KR900004249B1 - Electrical control having automatic mode selection - Google Patents

Abstract

The circuit comprises a device emitting a signal upon the initial application of power to the circuit. A further device emits a signal if the power is removed and then reapplied to the circuit within a given interval of time. If the power is reapplied to the circuit after the given interval the initial signal is emitted. The device emitting the initial signal comprises a transistor having collector and emitter electrodes defining the ends of conduction path, and a base electrode. A device is coupled to the initial transistor and responds to the initial application of power to the circuit for causing the conduction path to be rendered conductive.

Description

Automatic mode selection electrical control circuit

1 is a circuit diagram of an electrical equipment switch embodying the present invention.

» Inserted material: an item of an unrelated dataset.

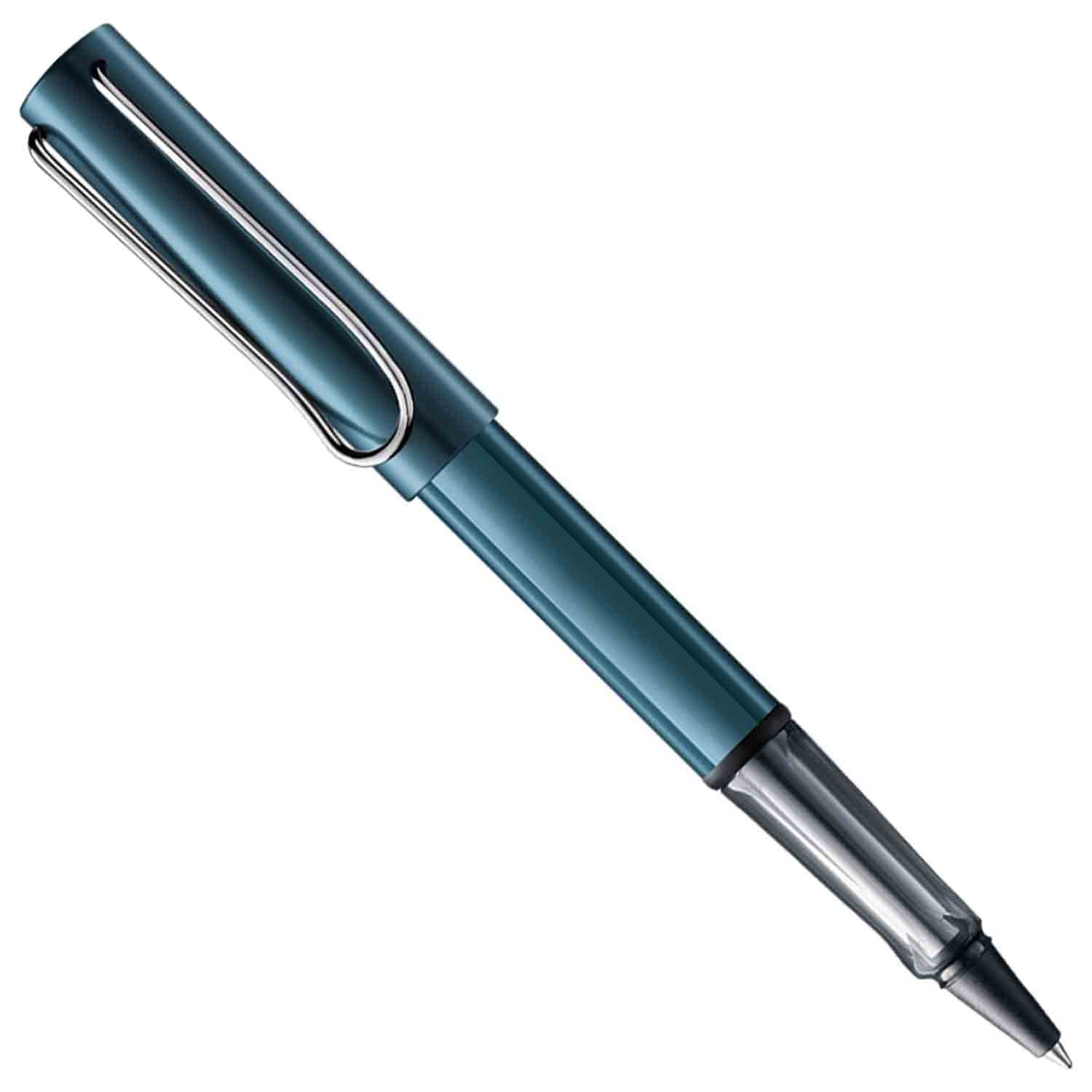 Lamy 3D4 AL Star Petrol CT Roller Ball Pen 4037285 (Special Edition)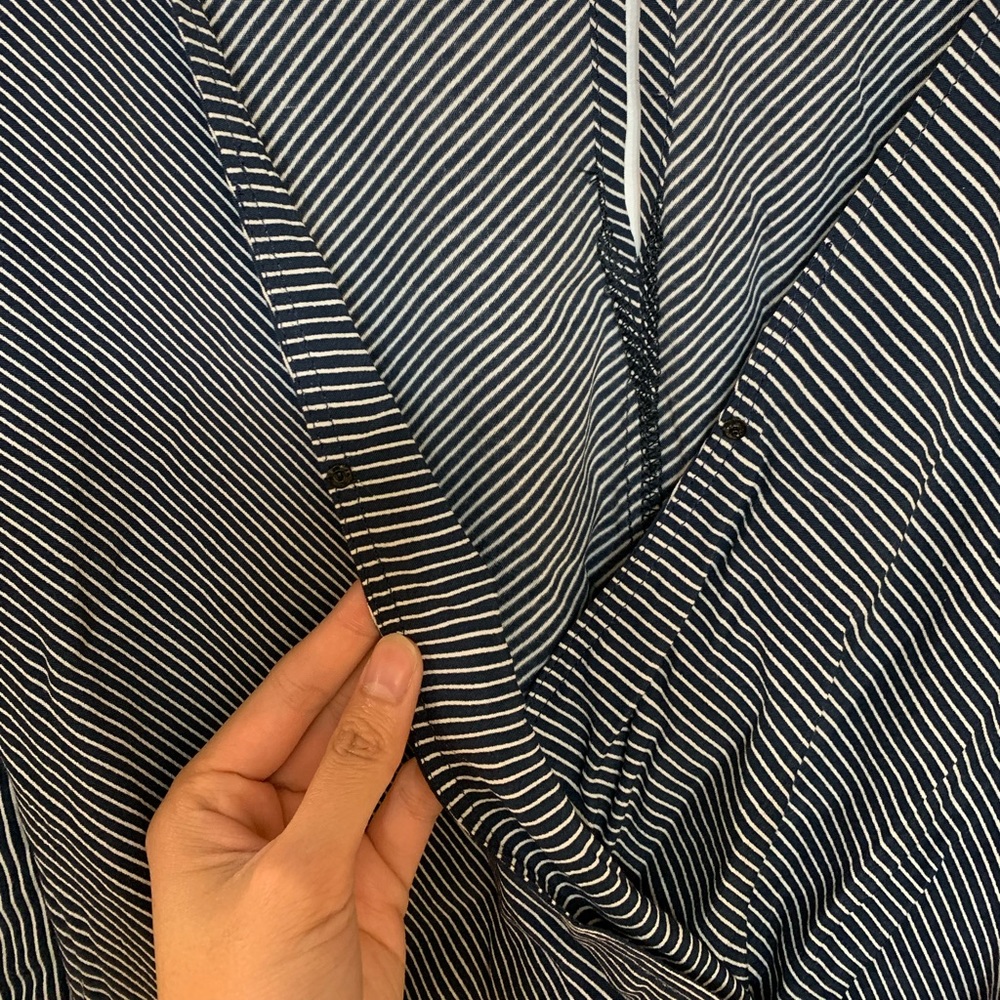 Faithfull The Brand Striped Dress - Picture 5 of 8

2 is another embodiment of a portion of the circuit of FIG.

* Explanation of symbols for main parts of the drawings

SW1: External switch Q1: Internal switch (triac)

Q4: Second device (transistor) Q5: First device (transistor)

10: infrared detector 12: infrared detector circuit

14: timer circuit 18: NAND gate

100: infrared switch 116: external equipment (light)

BACKGROUND OF THE INVENTION 1. Field of the Invention The present invention relates to an electrical control circuit, and more particularly, to a control circuit in which a control state changes depending on a sequence of application of power to the circuit.

Passive infrared (IR) detectors have been used to control lighting and other electrical equipment. These detectors detect changes in the infrared (heat) within a region, triggering electrical installations or triggering intrusion alarms. In general, the change in heat is due to people entering or moving within the sensing area. A circuit including such a detector allows the equipment to remain turned on for a predetermined time and then turn off the equipment when there is no change in the infrared pattern.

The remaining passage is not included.